What needs to be done
The response should contain every entry, reproduced exactly.

Input
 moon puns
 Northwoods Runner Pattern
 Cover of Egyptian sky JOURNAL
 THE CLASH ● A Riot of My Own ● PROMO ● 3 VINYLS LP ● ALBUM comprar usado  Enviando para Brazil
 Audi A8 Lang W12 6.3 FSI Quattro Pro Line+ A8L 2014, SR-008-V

Solution to the exercise
 moon puns
 Northwoods Runner Pattern
 Cover of Egyptian sky JOURNAL
 THE CLASH ● A Riot of My Own ● PROMO ● 3 VINYLS LP ● ALBUM comprar usado  Enviando para Brazil
 Audi A8 Lang W12 6.3 FSI Quattro Pro Line+ A8L 2014, SR-008-V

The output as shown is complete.